Hacker News new | ask | show | jobs
by AlbertCory 1373 days ago
I hired a voice actor, Maxwell Glick, to do the audiobooks for my two books (https://www.amazon.com/Audible-The-Big-Bucks/dp/B0BDBG5VNP/r... is the latest. Your speed is interesting, because when I was reviewing his work, I only used 1.5x. Any faster sounded like a cartoon character and I might miss nuances in the dialog, among other things.

Someone else mentioned code samples. Fortunately I only had a couple Mesa samples in Inventing the Future and I actually gave him some audio for the way to read them. My guideline was "how would a CS professor read this in class?"
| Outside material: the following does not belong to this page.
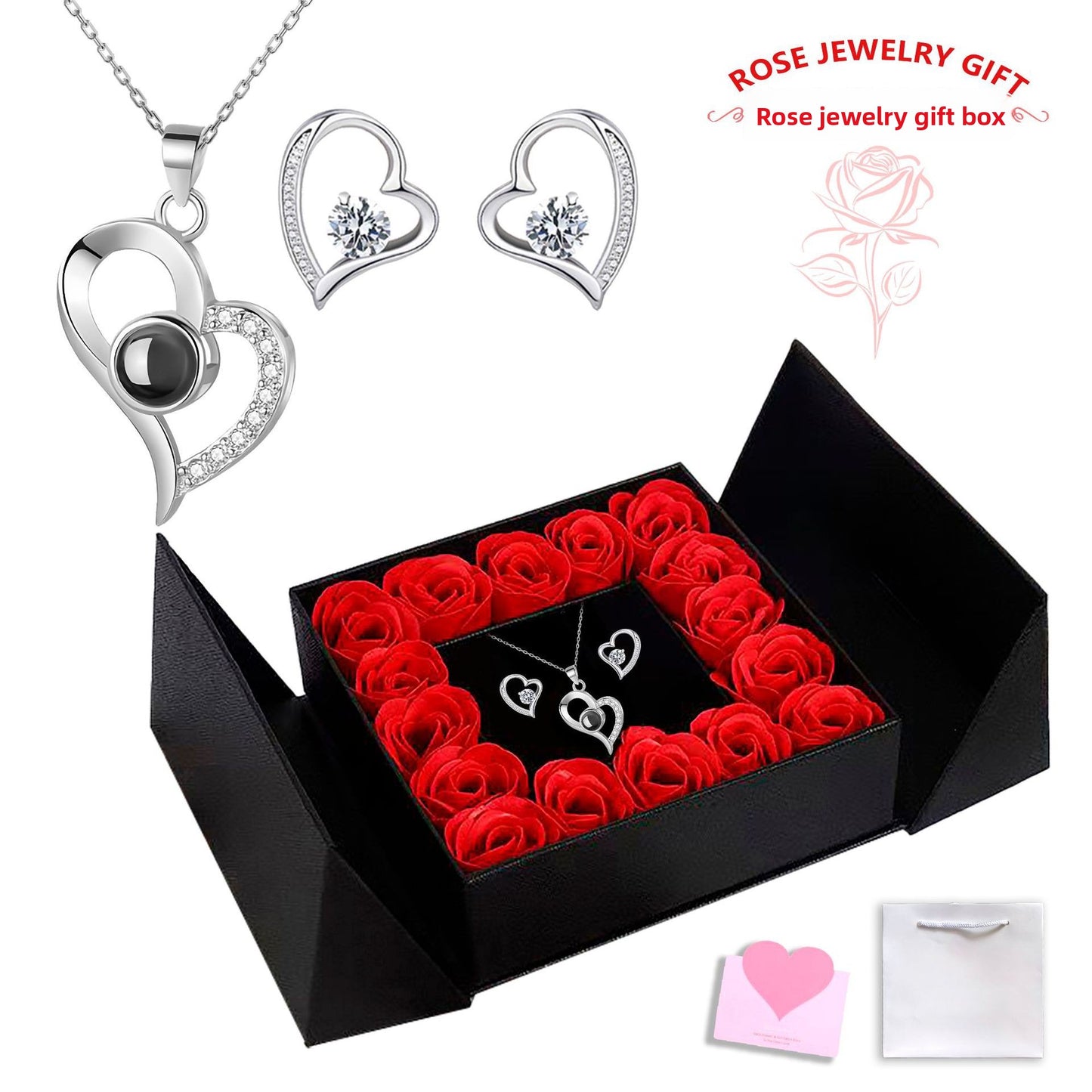 "I Love You" Necklace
There IS a "pronouncing Mesa" epilogue to the manual, which helped. But a book with a whole lot of code in it? I don't think that would work.

1 comments

The books I tend to listen to share two things in common: they are in English, and they don't have large code samples. I don't doubt that there are excellent non-fiction books with source code - heck, probably some fiction as well - but listening at any speed sounds like something I wouldn't do unless my eyes were disabled.
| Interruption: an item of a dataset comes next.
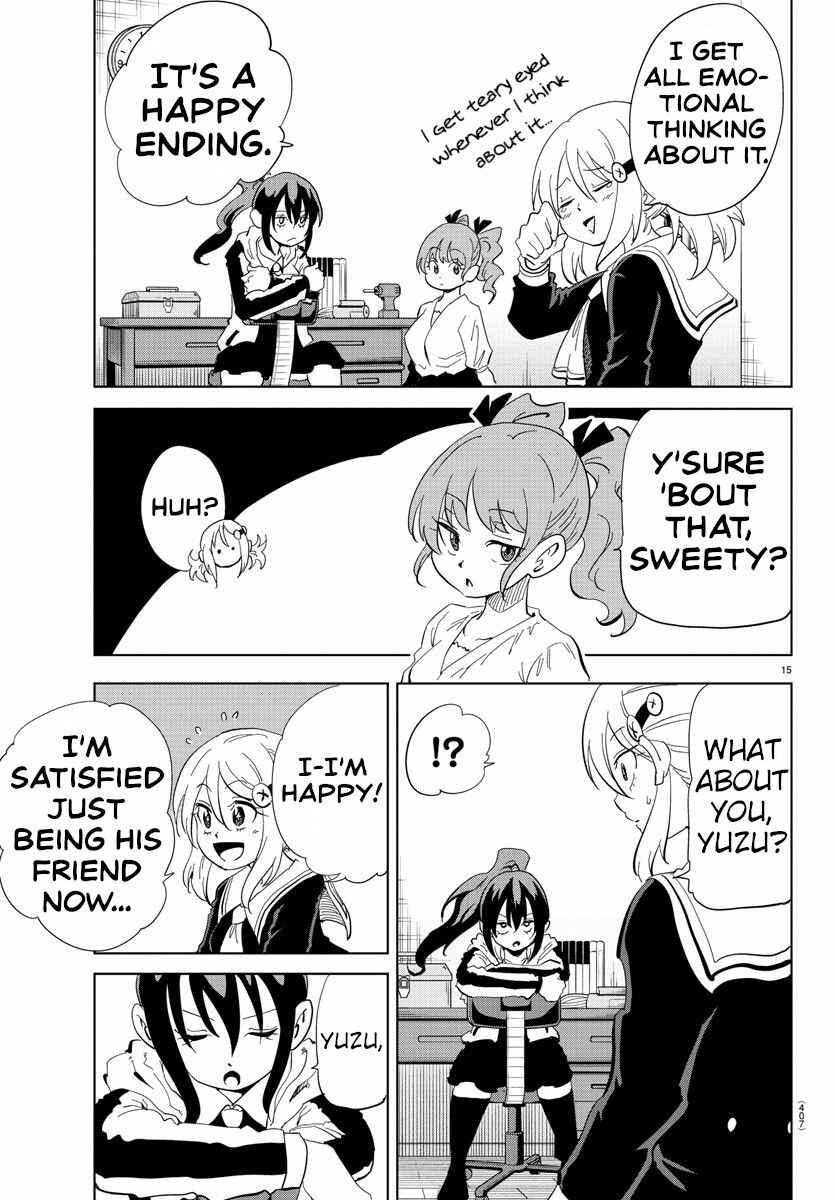 Page 13 Chapter 37 Usotsuki Android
In addition to (good) earbuds and practice listening at higher speeds, I suspect that not all pitch correction algos are created equal. If you are simply speeding up audio without correcting for pitch, it's going to sound like a cartoon even at 1.25x.

However, the main thing is concentration. I do not perceive that the words are sped up, because I am very actively listening to it while doing wrote, repetitive things. I have to stop the audio if I'm doing anything that requires any attention, computation or decision making whatsoever.

Cooking soup? No problem. Following a recipe? NOPE. Picking up vegetables? Sure. Reading ingredients? Not a chance. Biking on a path? Sure. Driving? Not a chance.